Well over a month after leaving Kyzyl, tired and shaggy with a few new wounds and a few pairs of very dirty socks, I finally made it back to my apartment. I was strangely excited to be back in this dirty city. I'm beginning to get resettled and notice a drastic improvement in my Tuvan and a fairly major change in my daily habits. The Russian-style tea that I drank before leaving has been replaced by Tuvan tea, milky and salty, and the first three items in my refrigerator were milk, butter, and smetana. Now it's time to pick up a few more articles of winter clothing and prepare to learn why these people measure their lifespan in winters. This morning at 10:15 it was -10 C outside (16 F) and the days have stopped really warming up. Thankfully, my apartment is south-facing and there is always hot tea being sold in the market.

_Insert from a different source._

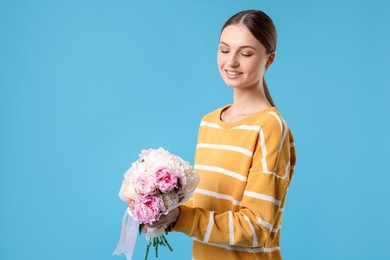 Photo of Woman with beautiful bouquet of peonies on light blue background, space for text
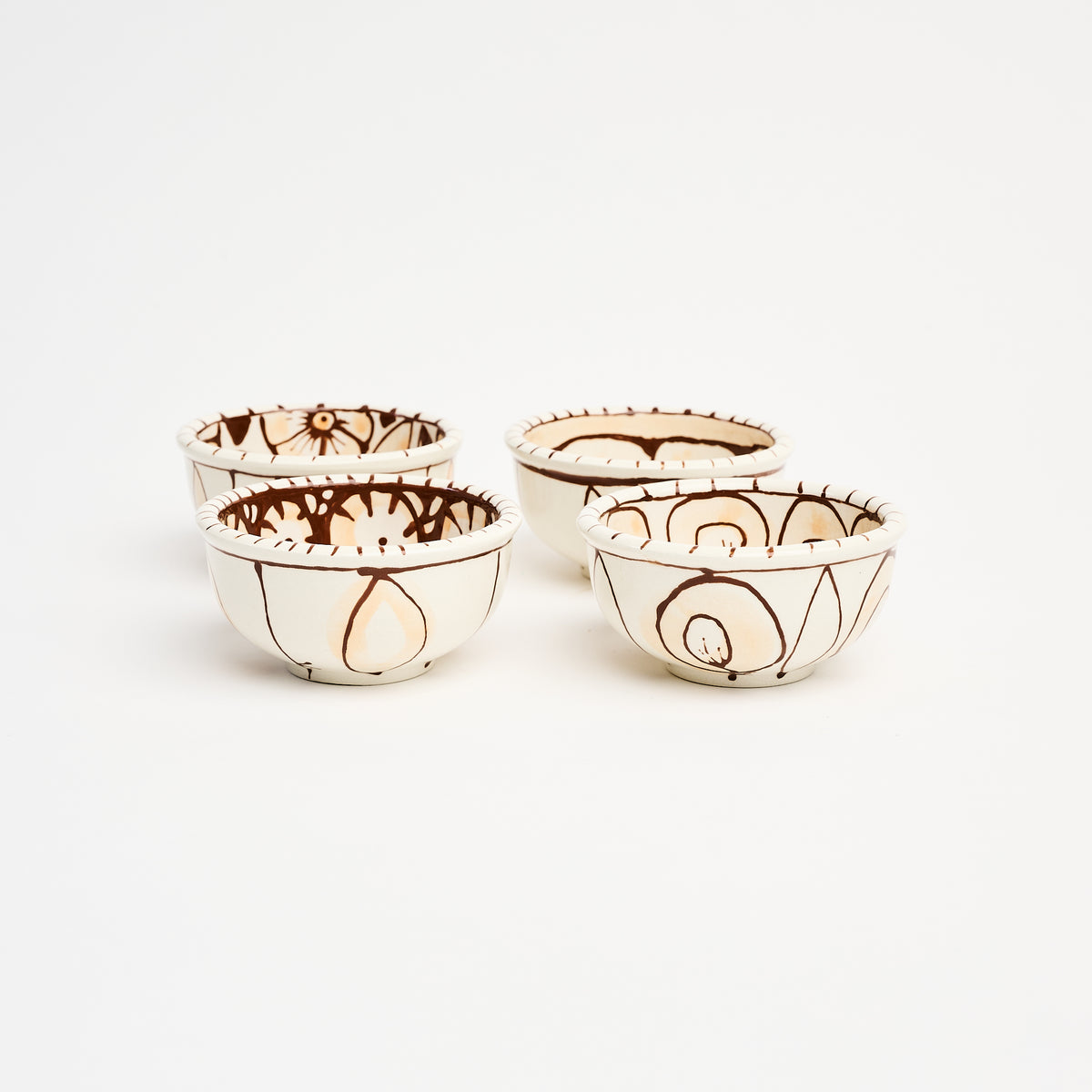 Stephanie Verdun Sauce Cup in Orange & Brown on a white background at Addison West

A couple of you have asked about the local reaction to the events and fallout of September 11. That evening, I returned home after a couple of rounds of vodka and one of Jack Daniel's with my friend, Arthur. Slightly inebriated, I turned on the TV to see the North Tower of the WTC on fire. I assumed that a bomb had gone off and tried to figure out how they could film the North Tower so that it completely hid the other tower, which wasn't in view. Slowly the news unfolded: airplanes, the Pentagon, the South Tower falling down. Thankfully, the news programs were showing the CNN footage and I was able to hear the English under the Russian dubbing. I watched the North Tower go down. It was really weird. The next day, around noon, I turned on the TV to see if there was any more news. Instead, I caught the last 30 minutes of "Koyanisqattsi" --- it was altogether too much. Over the next few days everyone was very apologetic to me and asked if I had friends in NY or if I would return to the States. I was interviewed by one of the local papers --- I said something to the effect that my greatest fear was that the US would hastily go to war against a group of people that you can't really fight a conventional war against. Hmmm. Anyway, now I'm hearing about anthrax in the US Mail and so forth. It's a strange feeling to go to the other side of the world and be more worried about the people I left behind than they need to be about me.
That's the news from Tuva. Sorry for the length of this one. More stories as they come.